A Western Way resident reported to police on Sept. 27 that someone filed for unemployment benefits using her social security number. The detective bureau is investigating the identity theft incident.
On Sept. 29, a resident of Russell Road reported that a woman contacted her posing as a representative from PayPal and scammed the resident into sending her $3,000 via Zelle. The detective bureau is investigating the case.
Just after midnight on Sept. 22, police stopped a 32-year-old Wayne resident for speeding on State Road and charged the man with driving while intoxicated. He was taken to the police station, where he was processed and later released.
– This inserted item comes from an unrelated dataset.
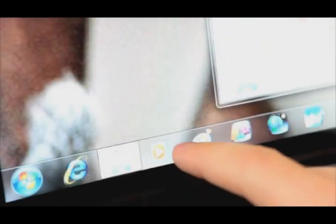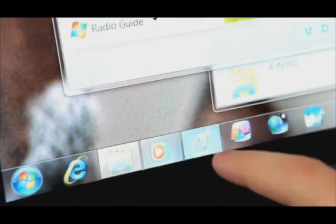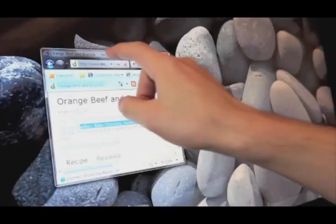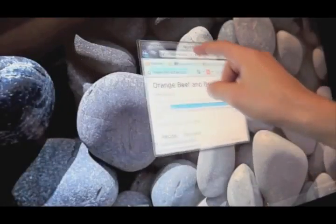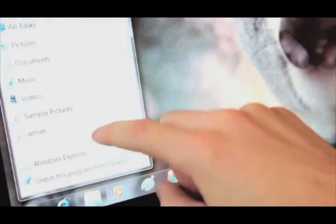Windows Touch is one of the exciting new features in Windows 7. Touch does the basics you'd expect, like tapping on applications and dragging windows, as well as new touch features like dragging up on the taskbar to get a jump list and scrolling.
A Princeton resident was pulled over by a police officer just before 1 a.m. on Sept. 27 for failing to keep right and was arrested for driving while intoxicated. The 28-year-old man was taken to police headquarters, where he was processed and then released to a sober adult.
Disaster fraud scam reported to Planet Princeton by area residents:
People are sending text messages to residents pretending to be representatives from FEMA. They attempt to set up a time to talk by phone to discuss damages. The scammers ask for FEMA registration numbers and other personal information like social security numbers. This is a scam. FEMA won’t text you or call you to ask for financial account information.
Other common fraud practices include:
Fake offers of state or federal aid – Federal and state workers do not solicit or accept money. FEMA and U.S. Small Business Administration personnel never charge survivors for applying for disaster assistance, inspections, or help in completing applications.
Phony property inspectors – FEMA inspectors will never ask for your social security number. No government disaster assistance official will call you to ask for your financial account information. If you doubt a FEMA representative is legitimate, hang up and call the FEMA Helpline at 800-621-3362 (TTY 800-462-7585) from 7 a.m. to 11 p.m. to report the incident. FEMA’s housing inspectors never charge a fee to inspect your property.
Fraudulent Charities – Watch out for phony charitable organizations. Criminals exploit survivors by sending fraudulent communications through email or social media and by creating phony websites designed to solicit contributions.
Phony building contractors – A FEMA housing inspector’s job is to verify damage. FEMA does not hire or endorse specific contractors to fix homes or recommend repairs. FEMA recommends hiring a reputable engineer, architect, or building official to inspect your home. An unethical contractor may create damage to get work. When in doubt, report any suspicious behavior to your local authorities.
Make sure you always use a licensed local contractor who has reliable references. Require a written contract from anyone you hire. Be sure to get a written receipt for any payment. Do not pay more than half the cost of the job upfront. If one estimate sounds too good to be true, it probably is. Many unethical contractors provide low-ball bids that seem attractive. But these contractors are often uninsured and may charge substantial cancellation fees. Ask contractors if they have done this type of repair work before. Ask if they will purchase necessary permits and if the work will be inspected. Be sure the contract spells out who pays for the required permits. Try to get three separate bids for the job. Don’t be pressured into making a quick decision. Insist on receiving a written estimate or contract. And don’t sign anything you don’t understand or contracts that have blank spaces. Always pay for repair work by check or credit card in order to keep a record and avoid double charges.
To report disaster-related scams, fraud, and identity theft, contact your local police department and call FEMA’s toll-free Disaster Fraud Hotline at 866-720-5721.